• _WHAT TO PRODUCE_
Please write out exactly the lines of the data below from the line holding "Egypte et Turq" through the line holding "Le Golfe s’ins", and leave out the rest.

(Dataset excerpts)
▼▼▼

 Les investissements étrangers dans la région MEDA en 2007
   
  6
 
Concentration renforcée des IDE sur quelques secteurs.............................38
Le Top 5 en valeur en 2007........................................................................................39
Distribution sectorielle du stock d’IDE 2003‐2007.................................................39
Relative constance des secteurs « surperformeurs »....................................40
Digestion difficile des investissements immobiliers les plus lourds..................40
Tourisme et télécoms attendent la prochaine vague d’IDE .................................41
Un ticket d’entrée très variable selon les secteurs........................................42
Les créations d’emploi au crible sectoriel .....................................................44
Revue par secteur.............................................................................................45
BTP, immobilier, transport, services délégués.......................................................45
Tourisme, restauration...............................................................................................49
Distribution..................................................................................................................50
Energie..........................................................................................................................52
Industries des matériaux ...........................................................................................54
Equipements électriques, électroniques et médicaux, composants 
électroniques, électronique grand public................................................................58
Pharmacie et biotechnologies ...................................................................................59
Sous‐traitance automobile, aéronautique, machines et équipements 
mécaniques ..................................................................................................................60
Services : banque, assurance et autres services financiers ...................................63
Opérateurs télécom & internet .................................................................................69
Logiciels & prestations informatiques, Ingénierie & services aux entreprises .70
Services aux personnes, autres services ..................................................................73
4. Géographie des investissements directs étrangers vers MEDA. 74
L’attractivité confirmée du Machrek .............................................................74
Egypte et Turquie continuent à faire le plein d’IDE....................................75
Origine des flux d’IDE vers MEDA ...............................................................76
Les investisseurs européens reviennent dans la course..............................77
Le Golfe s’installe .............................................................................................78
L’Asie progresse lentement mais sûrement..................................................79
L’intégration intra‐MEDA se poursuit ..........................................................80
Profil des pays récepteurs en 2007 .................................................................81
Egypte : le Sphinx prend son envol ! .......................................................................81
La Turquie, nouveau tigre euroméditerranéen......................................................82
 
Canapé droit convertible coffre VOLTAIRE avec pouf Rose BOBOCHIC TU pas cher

▲▲▲
▼▼▼

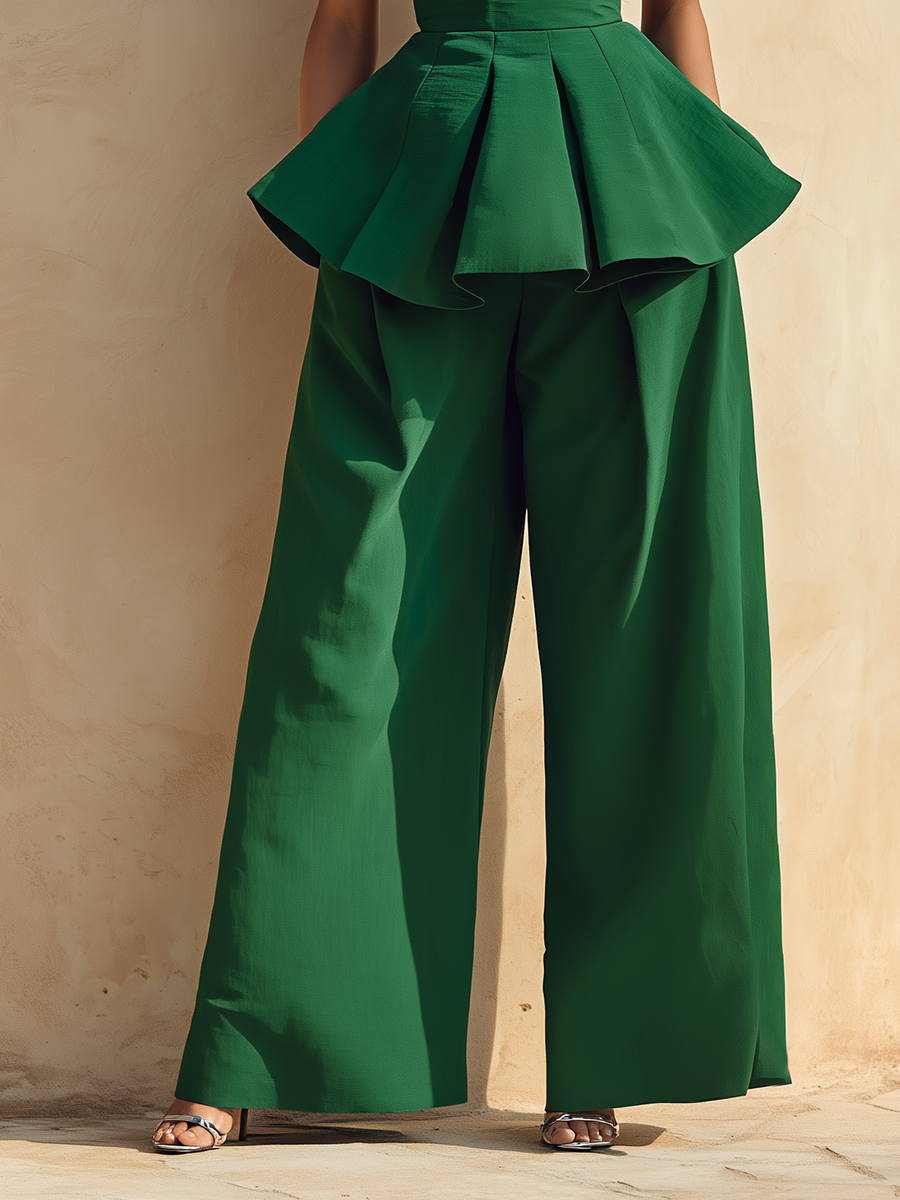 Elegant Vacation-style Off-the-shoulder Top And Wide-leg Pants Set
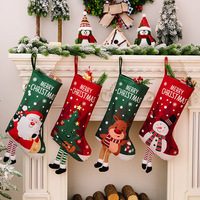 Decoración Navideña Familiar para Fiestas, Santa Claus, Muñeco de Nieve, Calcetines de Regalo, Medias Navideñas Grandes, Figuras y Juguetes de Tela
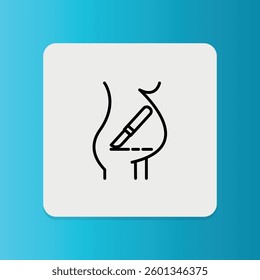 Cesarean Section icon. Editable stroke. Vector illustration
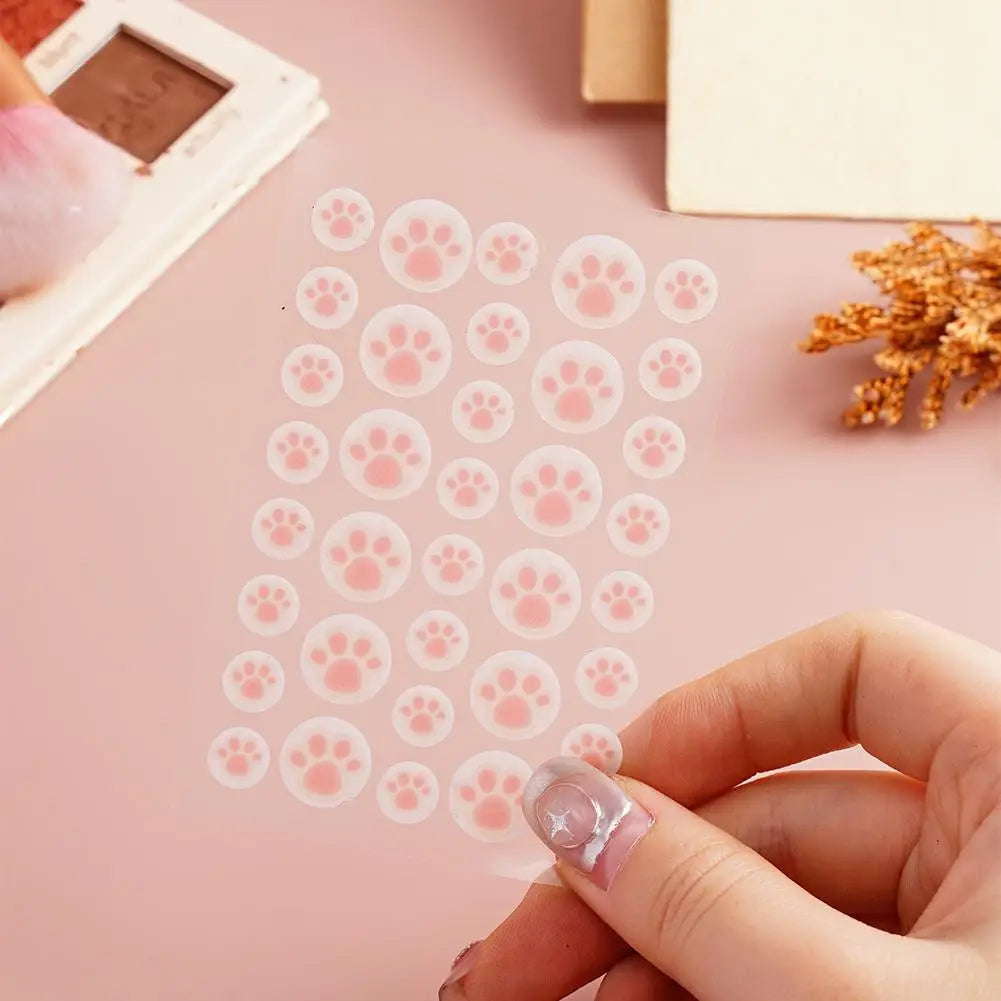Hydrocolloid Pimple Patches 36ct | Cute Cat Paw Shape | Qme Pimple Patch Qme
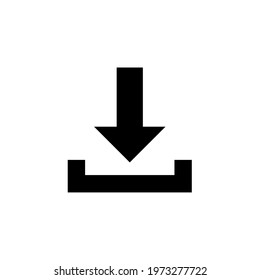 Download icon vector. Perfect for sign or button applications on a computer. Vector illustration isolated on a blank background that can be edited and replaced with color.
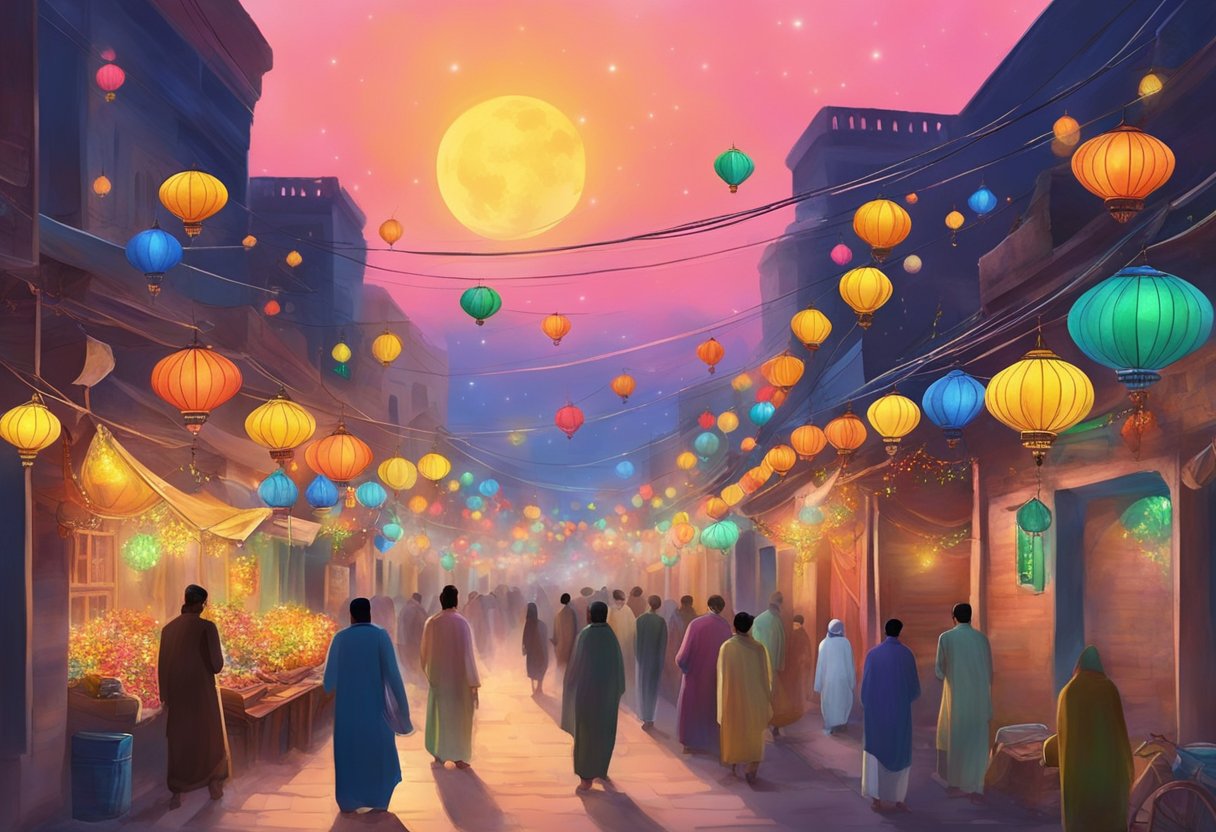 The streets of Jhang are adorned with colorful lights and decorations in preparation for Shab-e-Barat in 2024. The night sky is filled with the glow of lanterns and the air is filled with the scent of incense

▲▲▲

• _RESPONSE BELOW_
Egypte et Turquie continuent à faire le plein d’IDE....................................75
Origine des flux d’IDE vers MEDA ...............................................................76
Les investisseurs européens reviennent dans la course..............................77
Le Golfe s’installe .............................................................................................78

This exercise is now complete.